Government at odds over National Day
Plans to mark Swiss National Day with official speeches on the Rütli meadow, the place considered the birthplace of the confederation, are in disarray.
On Thursday, this year’s president, Micheline Calmy-Rey, said she would still go to the Rütli on August 1 even though plans to hold an official event there have been cancelled.
The Rütli commission called off the official celebrations saying too many obstacles stood in the way of organising the event on the meadow, located on the shores of Lake Lucerne.
Originally planned was a traditional show with speeches by Calmy-Rey and speaker of the House of Representatives, Christine Egerszegi.
Commission members said they were “ashamed” that the central Swiss cantons bordering the lake were refusing to allow any boats to depart from their landing stages for the historic spot, which is only accessible by water.
These cantons have said they do not want to foot the entire bill – estimated at SFr2 million ($1.63 million) – for the additional security required to control rightwing extremists, who travelled en masse to the Rütli in years past and interrupted National Day speeches.
A request by the cantons for the federal authorities to chip in SFr200,000 was rejected.
Justice Minister Christoph Blocher, who represents the rightwing Swiss People’s Party in the cabinet, defended the decision, saying it was not the government’s job to fund such an event just because high-ranking officials want to go there to celebrate.
But Calmy-Rey said she would go anyway. A spokesman for the president – from the centre-left Social Democrats – said she did not yet know what shape or form her Rütli attendance would take.
Even though the Rütli is considered the cradle of Switzerland since it is where the founding fathers are believed to have sworn an oath of allegiance in 1291, it is relatively recent that the spot has been used by the government to mark National Day.
Iconic
And historians say it only became an icon with unifying power in the second half of the 19th century following conflicts such as the “Sonderbund” war when the confederate army defeated forces of an alliance of Catholic and conservative cantons.
It finally became a key symbol when August 1 was named National Day in 1891, and took on sacral proportions in 1940 during a speech there by Switzerland’s top general expressing Switzerland’s right to independence and self-defence.
Political scientists say all sides of the political spectrum are now doing battle over ideological ownership of the symbol in what is an election year.
Speaking in the newspaper, Aargauer Zeitung, sociologist Kurt Imhof said the People’s Party had been able to stake a claim to the symbol, to which it represents traditional Swiss values. But the left and centre are attempting to steal it away and use it as a platform to showcase Switzerland as a more liberal and forward-looking nation.
Imhof said the government, where five of the seven cabinet ministers belong to either centre-right or rightwing parties, would not have refused to support the event if it had been someone other than Calmy-Rey planning to make a speech.
swissinfo with agencies
In 1859, an association of concerned Swiss citizens purchased the meadow.

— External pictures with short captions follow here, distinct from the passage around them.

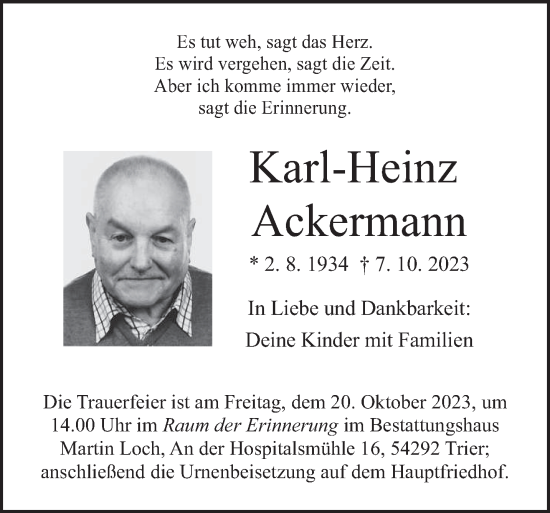 Traueranzeige von Karl-Heinz Ackermann von trierischer_volksfreund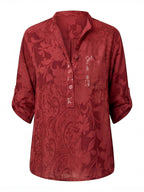Women's printed blouse with a turn-down collar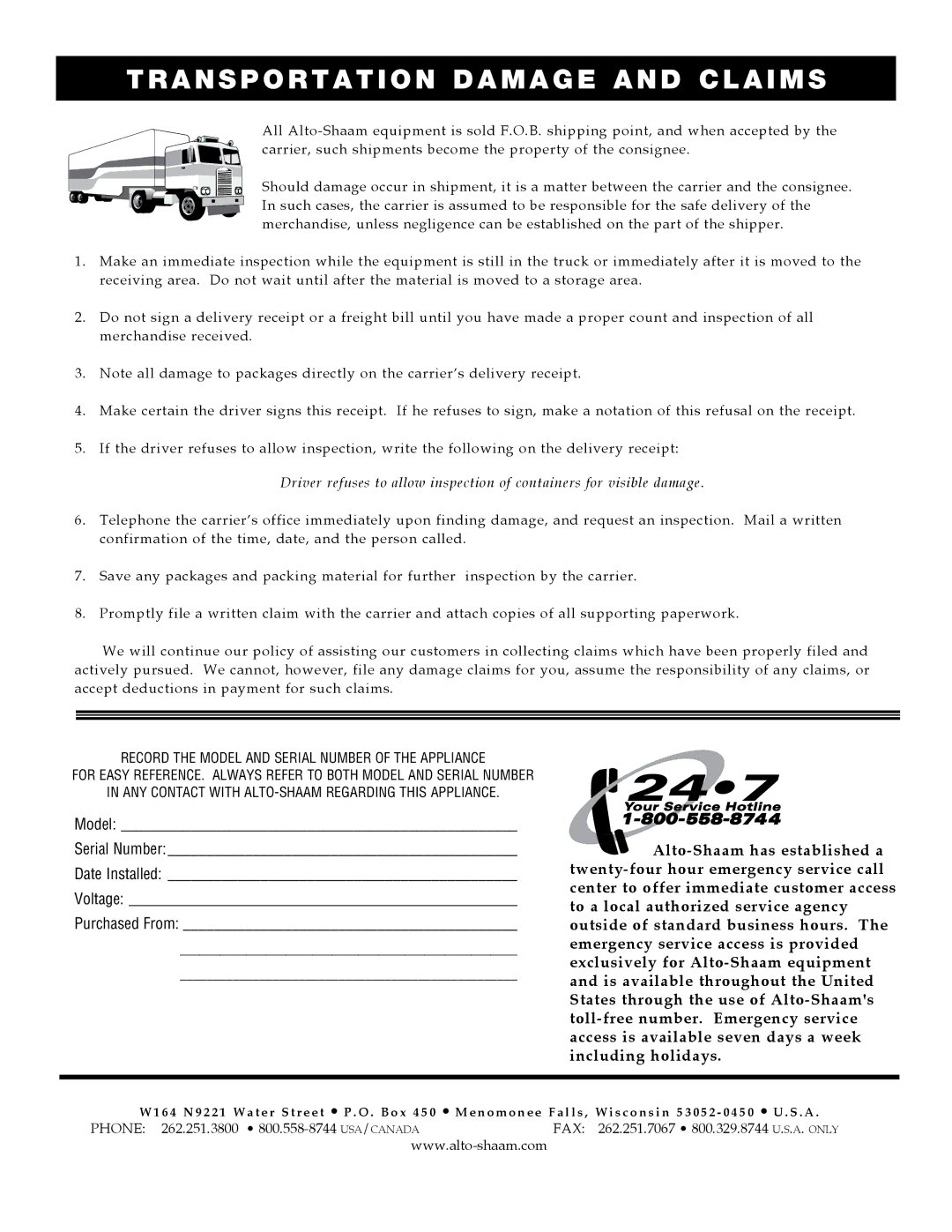 Alto-Shaam 1010, VHes-10, VHes-5, 1220, 610, 714, 2020, 1018 manual TRansportation damage and claims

Their objective was to keep it in its original state.
One year later, the association donated it to the Swiss government.

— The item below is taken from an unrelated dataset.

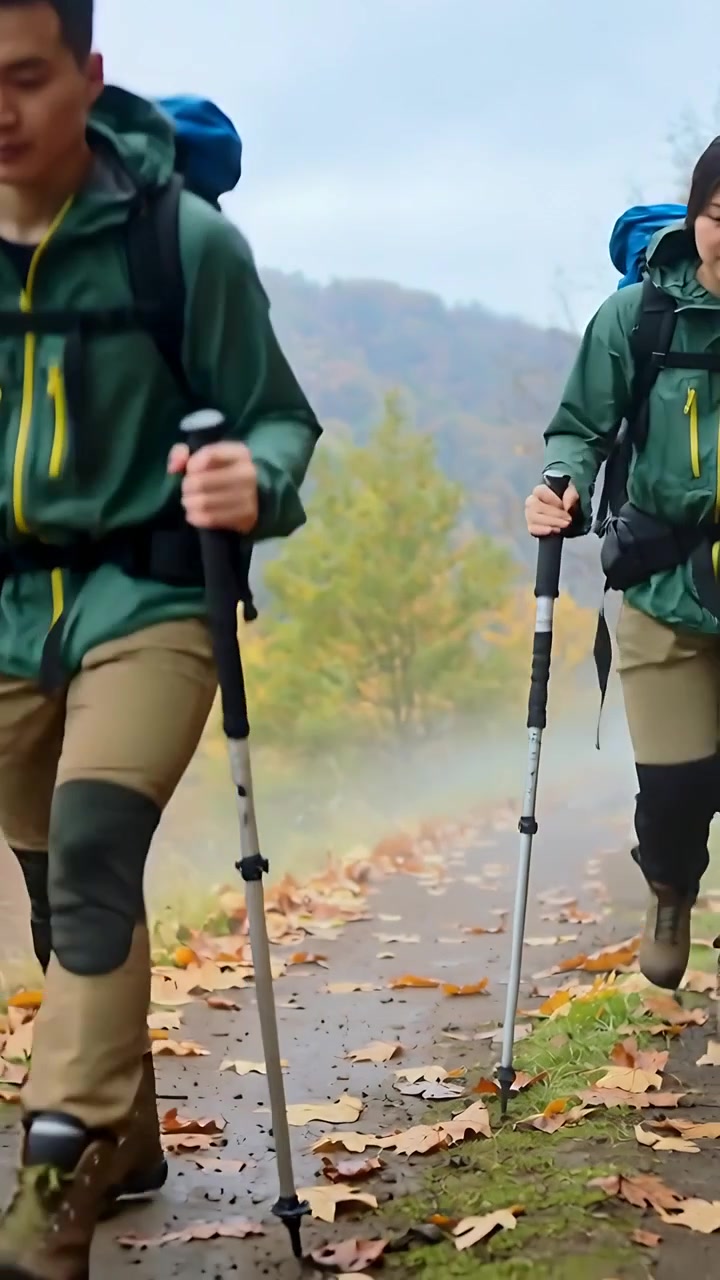 Video vertikal: Sepatu bot menapak, sepasang pendaki mulai mendaki menuju lensa di jalur berkabut, jaket hijau, tongkat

The government charged a special commission with the task of administering the site.
In the 13th century, leaders of the three forest cantons, Uri, Schwyz and Unterwalden, met here in secret.
They swore an oath of allegiance, considered Switzerland’s founding act, in 1291.
There is no evidence that William Tell took part in these meetings, but according to legend, his heroic deeds inspired these men to take action.